# firefox 4 cario-tea compile error



## mabadi (Apr 22, 2011)

I'm a newbie in FreeBSD. I updated the ports tree with *portsnap* to install firefox4 in FreeBSD 8.2, but when I try to compile with *make install clean* it gives me an error. Please help me to install firefox 4. I am Iranian and this install is very important for my security.

config.log
config.cache


----------



## mamalos (Apr 23, 2011)

Try *pkg_add -r firefox*. This will install firefox4 by default from packages.


----------



## mabadi (Apr 23, 2011)

This command does not work. When I used [CMD=]pkd_add -r firefox[/CMD] nothing happened and no package will load. Can I download package from somewhere and install it manually?


----------



## mamalos (Apr 23, 2011)

In order to download the package manually and install it from your box, run *fetch ftp://ftp.freebsd.org/pub/FreeBSD/ports/i386/packages/Latest/firefox.tbz* (if your machine is 64-bit, then replace i386 with amd64 on the URL), and then run *pkg_add firefox.tbz* (omitting the '-r') to install it. 
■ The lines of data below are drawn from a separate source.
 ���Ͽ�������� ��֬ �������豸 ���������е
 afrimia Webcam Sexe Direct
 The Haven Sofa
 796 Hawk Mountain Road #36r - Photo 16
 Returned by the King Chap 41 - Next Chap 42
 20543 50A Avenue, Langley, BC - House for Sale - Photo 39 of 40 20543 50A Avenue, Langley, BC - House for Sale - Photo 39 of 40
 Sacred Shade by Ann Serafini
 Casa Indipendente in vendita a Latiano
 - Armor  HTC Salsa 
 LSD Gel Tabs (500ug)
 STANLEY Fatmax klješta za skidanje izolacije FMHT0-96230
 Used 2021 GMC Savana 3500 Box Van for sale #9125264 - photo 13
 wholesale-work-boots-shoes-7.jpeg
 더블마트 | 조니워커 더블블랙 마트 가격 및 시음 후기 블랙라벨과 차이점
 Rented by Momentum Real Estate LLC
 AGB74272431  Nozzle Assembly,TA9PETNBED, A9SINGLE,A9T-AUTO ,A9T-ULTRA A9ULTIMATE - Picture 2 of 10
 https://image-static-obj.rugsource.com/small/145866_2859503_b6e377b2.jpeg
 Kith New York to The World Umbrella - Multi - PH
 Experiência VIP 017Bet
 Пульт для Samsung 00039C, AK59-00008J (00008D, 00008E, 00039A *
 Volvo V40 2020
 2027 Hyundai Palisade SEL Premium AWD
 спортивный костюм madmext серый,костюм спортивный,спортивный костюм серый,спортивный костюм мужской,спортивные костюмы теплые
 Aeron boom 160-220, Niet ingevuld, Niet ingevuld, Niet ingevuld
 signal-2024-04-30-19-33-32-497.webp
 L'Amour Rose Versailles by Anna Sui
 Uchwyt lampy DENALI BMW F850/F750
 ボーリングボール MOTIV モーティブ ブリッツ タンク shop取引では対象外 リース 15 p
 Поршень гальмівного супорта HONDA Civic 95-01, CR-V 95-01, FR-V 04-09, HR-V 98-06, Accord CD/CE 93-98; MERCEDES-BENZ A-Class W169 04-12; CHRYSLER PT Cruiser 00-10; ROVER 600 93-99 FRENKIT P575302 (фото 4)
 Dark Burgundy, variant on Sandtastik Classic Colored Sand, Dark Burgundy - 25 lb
You can use whatever method you prefer to download the package (ftp, some other browser, etc).


----------



## poh-poh (Apr 23, 2011)

cairo-tee.h is provided by graphics/cairo since 1.10.2_1,1 by 02 Mar 2011 while firefox4 landed the tree by 22 Mar 2011. Before installing new ports make sure that at least its dependencies are up to date.


----------



## mabadi (Apr 24, 2011)

Thank you, poh-poh. My problem is solved with recompile of cairo.


----------



## selasion (Jul 2, 2011)

The same thing with firefox5. I recompiled graphics/cairo with *make config* and checked all. After that everything is OK!


----------